## Problem to solve
Each line of the data is to be output verbatim, with the images removed.

=== Provided data ===

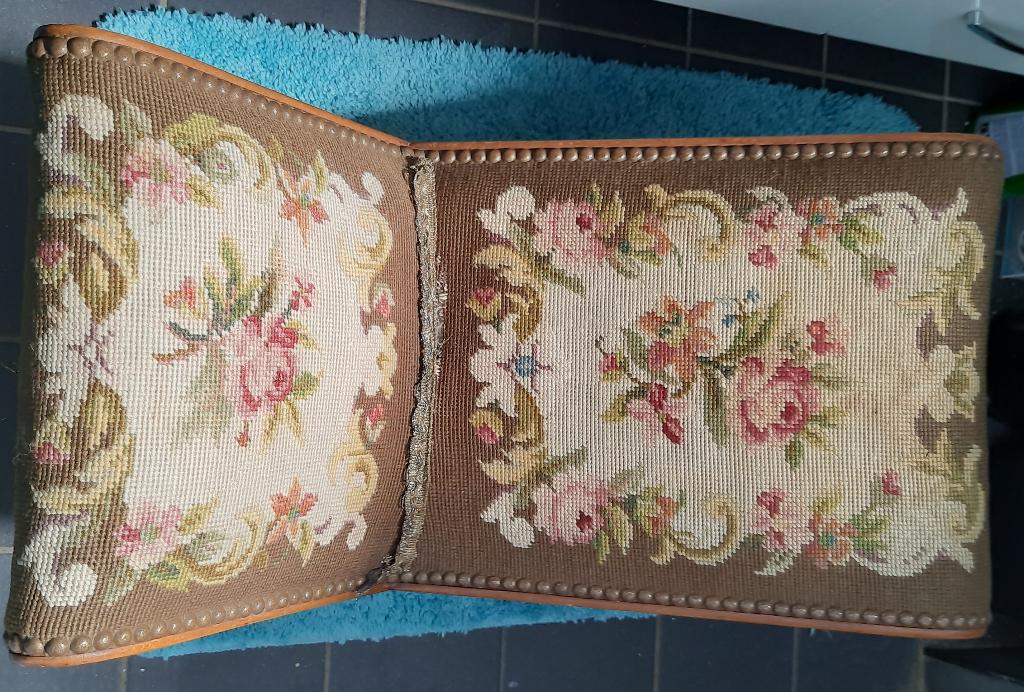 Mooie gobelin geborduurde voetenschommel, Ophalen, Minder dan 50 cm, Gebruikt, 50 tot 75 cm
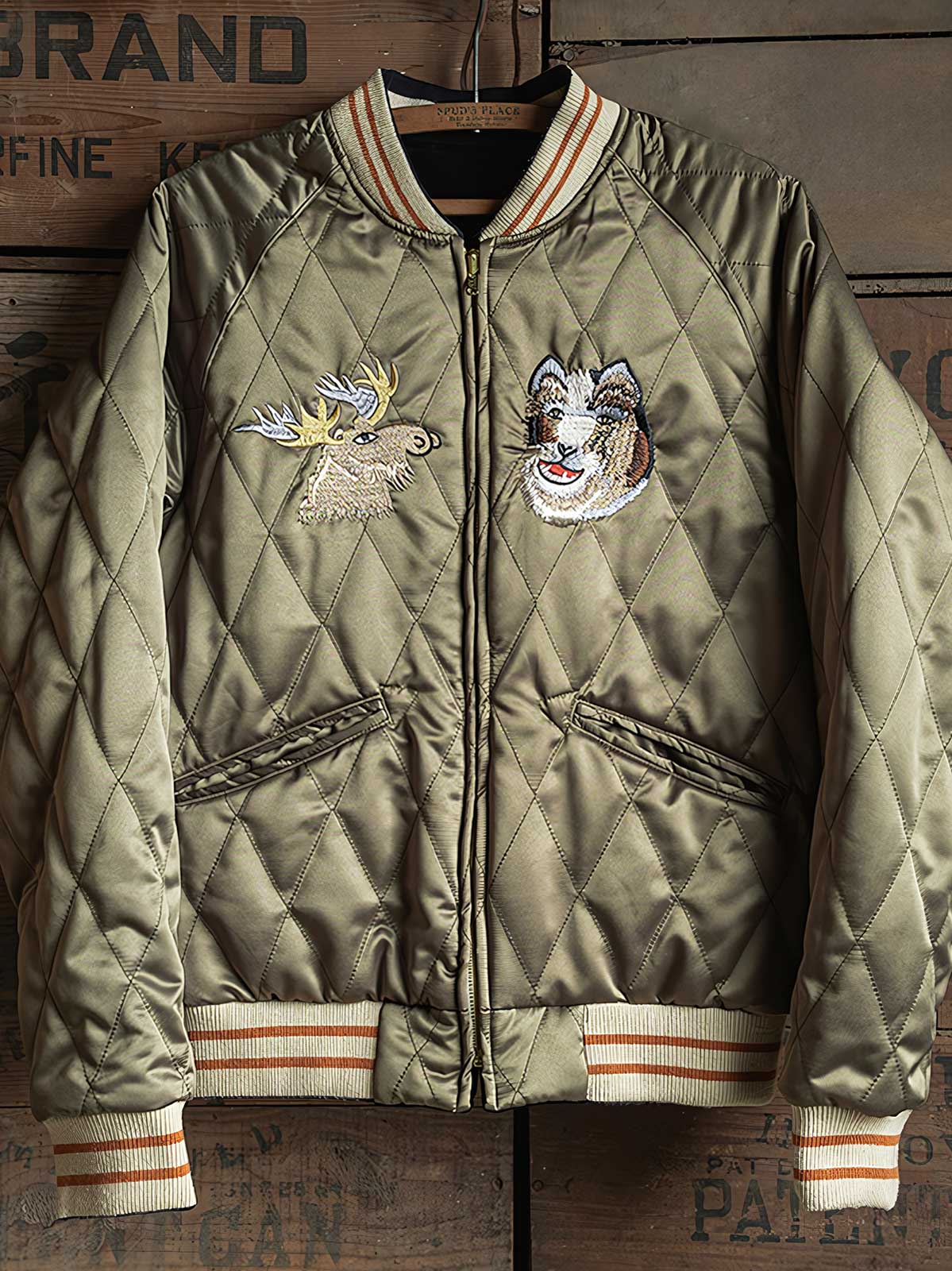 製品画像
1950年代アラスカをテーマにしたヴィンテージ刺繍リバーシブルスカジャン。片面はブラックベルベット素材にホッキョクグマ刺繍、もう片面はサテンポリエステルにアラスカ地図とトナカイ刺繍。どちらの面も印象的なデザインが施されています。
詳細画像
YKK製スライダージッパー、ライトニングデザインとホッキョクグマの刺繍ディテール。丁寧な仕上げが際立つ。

===

## Exercise output
 Mooie gobelin geborduurde voetenschommel, Ophalen, Minder dan 50 cm, Gebruikt, 50 tot 75 cm
 製品画像
1950年代アラスカをテーマにしたヴィンテージ刺繍リバーシブルスカジャン。片面はブラックベルベット素材にホッキョクグマ刺繍、もう片面はサテンポリエステルにアラスカ地図とトナカイ刺繍。どちらの面も印象的なデザインが施されています。
詳細画像
YKK製スライダージッパー、ライトニングデザインとホッキョクグマの刺繍ディテール。丁寧な仕上げが際立つ。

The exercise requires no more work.